What the exercise asks —
Only the lines from the one containing "Bakanımız Mahinur Özdemir" through the one containing "Να έχεις το" should be printed, exactly as they appear below, with both ends included.

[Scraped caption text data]
━━━━━━━━━━━━━━━━━━━━━━━━━━━━━━

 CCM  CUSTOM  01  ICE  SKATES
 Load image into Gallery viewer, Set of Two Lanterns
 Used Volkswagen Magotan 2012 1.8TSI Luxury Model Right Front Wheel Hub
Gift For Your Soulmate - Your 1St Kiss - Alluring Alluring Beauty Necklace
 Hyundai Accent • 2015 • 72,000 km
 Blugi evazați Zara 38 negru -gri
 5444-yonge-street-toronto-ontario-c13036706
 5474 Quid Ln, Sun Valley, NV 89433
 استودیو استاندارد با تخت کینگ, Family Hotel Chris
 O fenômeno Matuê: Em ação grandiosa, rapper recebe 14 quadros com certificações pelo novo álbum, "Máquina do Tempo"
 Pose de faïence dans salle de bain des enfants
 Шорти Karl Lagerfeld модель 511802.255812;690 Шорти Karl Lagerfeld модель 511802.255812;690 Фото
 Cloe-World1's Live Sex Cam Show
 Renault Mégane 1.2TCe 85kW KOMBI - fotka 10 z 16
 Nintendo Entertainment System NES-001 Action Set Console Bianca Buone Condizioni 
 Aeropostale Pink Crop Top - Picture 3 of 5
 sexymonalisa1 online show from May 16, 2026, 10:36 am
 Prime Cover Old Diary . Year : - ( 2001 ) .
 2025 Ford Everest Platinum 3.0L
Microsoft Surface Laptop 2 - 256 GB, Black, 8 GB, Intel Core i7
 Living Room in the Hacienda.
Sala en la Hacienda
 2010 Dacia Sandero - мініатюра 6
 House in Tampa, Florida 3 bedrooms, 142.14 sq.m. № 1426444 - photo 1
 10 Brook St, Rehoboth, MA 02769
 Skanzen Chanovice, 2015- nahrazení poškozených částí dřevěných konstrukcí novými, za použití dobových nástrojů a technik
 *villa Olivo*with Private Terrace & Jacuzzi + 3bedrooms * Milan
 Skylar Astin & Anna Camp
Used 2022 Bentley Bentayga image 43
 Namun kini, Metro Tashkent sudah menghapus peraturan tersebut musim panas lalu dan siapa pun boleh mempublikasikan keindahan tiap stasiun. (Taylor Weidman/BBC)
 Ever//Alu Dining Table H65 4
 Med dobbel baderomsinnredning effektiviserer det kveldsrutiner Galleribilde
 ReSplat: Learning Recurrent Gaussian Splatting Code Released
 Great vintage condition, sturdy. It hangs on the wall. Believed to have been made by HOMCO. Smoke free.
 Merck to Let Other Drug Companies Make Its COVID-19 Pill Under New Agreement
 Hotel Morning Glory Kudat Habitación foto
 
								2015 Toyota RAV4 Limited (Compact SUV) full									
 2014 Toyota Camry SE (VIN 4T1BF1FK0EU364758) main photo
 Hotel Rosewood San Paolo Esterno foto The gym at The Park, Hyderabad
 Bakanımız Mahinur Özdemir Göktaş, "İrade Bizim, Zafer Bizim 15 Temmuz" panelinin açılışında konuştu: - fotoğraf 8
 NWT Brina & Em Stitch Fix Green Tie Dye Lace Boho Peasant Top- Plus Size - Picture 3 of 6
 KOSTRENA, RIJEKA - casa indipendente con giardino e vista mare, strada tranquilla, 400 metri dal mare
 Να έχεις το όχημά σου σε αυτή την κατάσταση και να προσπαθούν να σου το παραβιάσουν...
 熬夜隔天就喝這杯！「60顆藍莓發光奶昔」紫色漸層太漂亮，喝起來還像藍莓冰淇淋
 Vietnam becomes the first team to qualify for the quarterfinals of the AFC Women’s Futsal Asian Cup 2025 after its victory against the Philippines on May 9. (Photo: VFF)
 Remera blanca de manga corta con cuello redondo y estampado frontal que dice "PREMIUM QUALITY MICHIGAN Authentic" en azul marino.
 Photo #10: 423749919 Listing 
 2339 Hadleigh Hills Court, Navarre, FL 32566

━━━━━━━━━━━━━━━━━━━━━━━━━━━━━━

Exercise answer —
 Bakanımız Mahinur Özdemir Göktaş, "İrade Bizim, Zafer Bizim 15 Temmuz" panelinin açılışında konuştu: - fotoğraf 8
 NWT Brina & Em Stitch Fix Green Tie Dye Lace Boho Peasant Top- Plus Size - Picture 3 of 6
 KOSTRENA, RIJEKA - casa indipendente con giardino e vista mare, strada tranquilla, 400 metri dal mare
 Να έχεις το όχημά σου σε αυτή την κατάσταση και να προσπαθούν να σου το παραβιάσουν...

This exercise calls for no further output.